You keep popping back into my mind as of late. For a while, when i was trying to get my life back on track and focus on God and everything, you kind of took a backseat. And even now i am trying to make sure you don't crowd Him out, but you are creeping back in.
Hahaha! I just came across our song! I'm letting it play out now :)
"We could sit on the shore, we could just be friends, or we could jump in…" <3
imissyou.
But i don't need you to complete me anymore. I used to need you for that. But since giving Jesus His rightful place in my life, He has truly completed me! Which i am so thankful for!
But i still want you.
That…hasn't changed. 
I wish i could see you because it is so hard to know who i really feel when there's so many miles between us.
"I'm so glad that you took my heart, even if we're miles apart, you're the only one that i would ever give it to…" <3
Sigh.
"Don't forget that i'm the one back home, saying i love you through the telephone, please don't let this distance change you, i need you cuz you're all i know…" <3
Well, actually, YOU'RE the "one back home".
And you and i don't TALK. EVER. Telephone or otherwise.
And you've NEVER told me you love me. If you did it would be so much easier for me to justify these feelings i have for you. But you don't. So, clearly, i'm on my own here as far as figuring this out.
And i don't need you… But i would like to see you :) That much i have got figured out.
As far as the distance changing you….i can't even get into that because to do so would be to know exactly how you are now, and i don't. I can't because i'm not with you. So if you changed it would be hard for me to tell.
Although in the ways it counts, in the ways i know you and can recall even to this day…
No, please don't change.
I am sitting here and smiling to myself listening to this song and thinking about you. I can recall so many memories and times we've shared…OUR place, OUR song, OUR memories, OUR laughs…OURS. In my heart, there is no other way. In my mind, there's so many questions and how's and when's and what ifs'.
Which, of course, is precisely why i never USE my head ;-)
Because, in my heart, there's just us. You. And me. <3 And that's just the fact of it :)

Saturday, April 16, 2011

PRAISE GOD!!! ♥♥♥

I've been having kind of an off day. Or maybe an off week. I have been feeling sad, but for no apparent reason (typical girl, right? :) haha) but i finally picked up my Bible today. go figure, i immediately felt better. i think i identified the problem tonight, and then when i picked up my Bible, a verse just JUMPED out at me. literally! hahaha it was awesome!! :)
I was worried about being forgiven.

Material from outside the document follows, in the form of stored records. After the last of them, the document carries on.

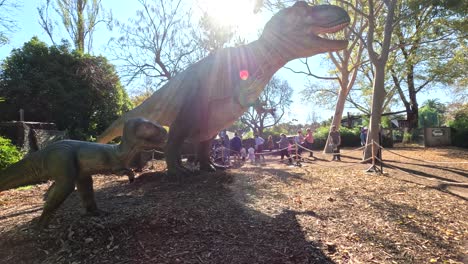 dinosaur statues in a sunny zoo setting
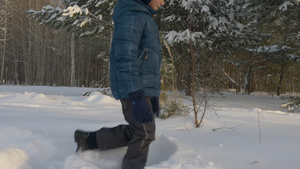 白人男孩走在雪上漂流的冬季公园露天露天20秒视频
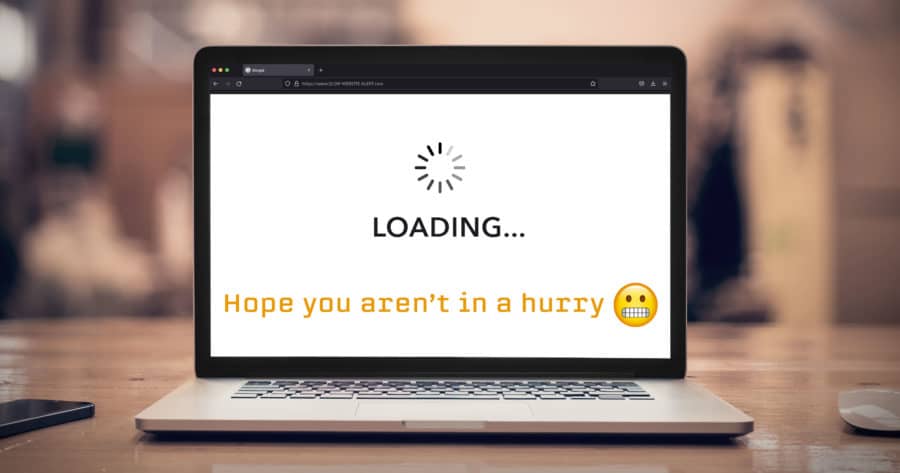 A laptop with the text loading hope you're not in a hurry.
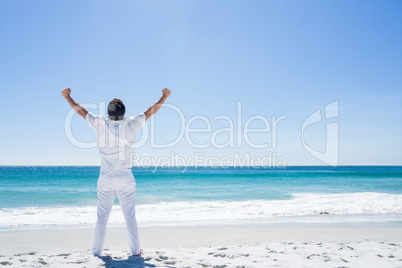 Man stretching his arms in front of the sea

I know that God has forgiven me, but i was worried about having to share my past with someone someday. Its not a long list or anything, but my past is still my past and i know someday i will have to be upfront about it with my husband should i get married. Anyways, i was thinking and worried that he wouldn't forgive me or let me move past my past.
This was the verse:
"Unfailing love and faithfulness cover sin..."
Proverbs 16:6a
WHOA!! hahaha i was blown away.
There is nothing His love can't cover!! And it makes me feel like love will keep us together and sin cannot separate us! =D both me and God, and me and my special guy someday! I don't know if that is right, but its how it stuck out to me!! <3 <3 <3 God is so good!! I am loving what He is doing. and to think, all He was waiting for was me to open up and break down my walls!!
Walls i never should've built in the first place!! I am so sorry!! And so thankful that You've forgiven me! And used everything for good!! <3

Monday, April 11, 2011

I never want to let this go, never want to forget it now that i know.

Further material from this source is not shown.